While some scholars tend to pooh pooh the idea of Maric’s influence over Einstein’s work, I can’t help but question that tendency as a form of subtle sexism. It’s not a secret she was brilliant, and was his classmate–and even if she didn’t actually write passages, it would be remiss to think she and Einstein didn’t discuss his ideas, and in some way, influence him.

This, of course, also makes sense as to why Einstein agreed to give Maric the earnings from his 1925 Nobel Prize in their divorce proceedings. Scientific American also poses the point that Maric may have agreed to a supporting role initially (as in December 1900, they submitted an article on capillarity signed only under his name), as a way to help him get a job so he could marry her in the first place (which is also reflected in letters they both sent to friends):

“Mileva wrote to Helene Savić on 20 December 1900. ‘We will send a private copy to Boltzmann to see what he thinks and I hope he will answer us.’ Likewise, Albert wrote to Mileva on 4 April 1901, saying that his friend Michele Besso ‘visited his uncle on my behalf, Prof. Jung, one of the most influential physicists in Italy and gave him a copy of our article.’

Radmila Milentijević, a former history professor at City College in New York, published in 2015 Mileva’s most comprehensive biography.
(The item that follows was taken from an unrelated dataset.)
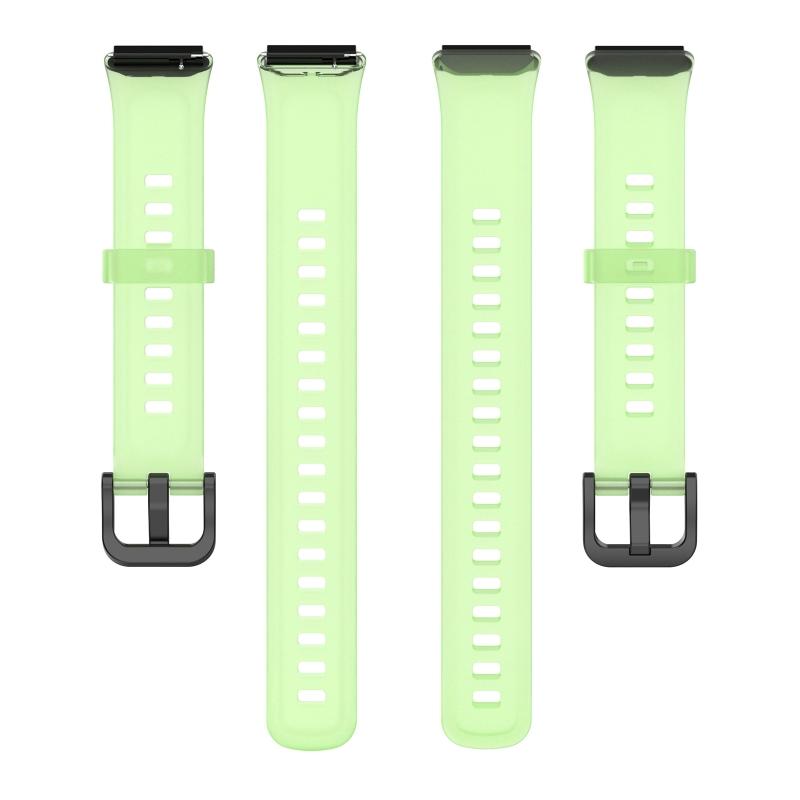 Schnellverschluss Smartband Ersatzband Durchscheinendes Silikon Armband Armreif für Huaweiband 7 Weiches Armband 1 Stück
She suggests that Mileva probably wanted to help Albert make a name for himself, such that he could find a job and marry her. Dord Krstić, a former physics professor at Ljubljana University, spent 50 years researching Mileva’s life. In his well-documented book,  he suggests that given the prevalent bias against women at the time, a publication co-signed with a woman might have carried less weight.”

The show does a spectacular job at illuminating Einstein’s own sexism, and shining a light on the fact that the women in Einstein’s life suffer because of his carelessness and narcissism, illustrating that, of course, everyone has a dark side and few people can fully transcend their times–even geniuses.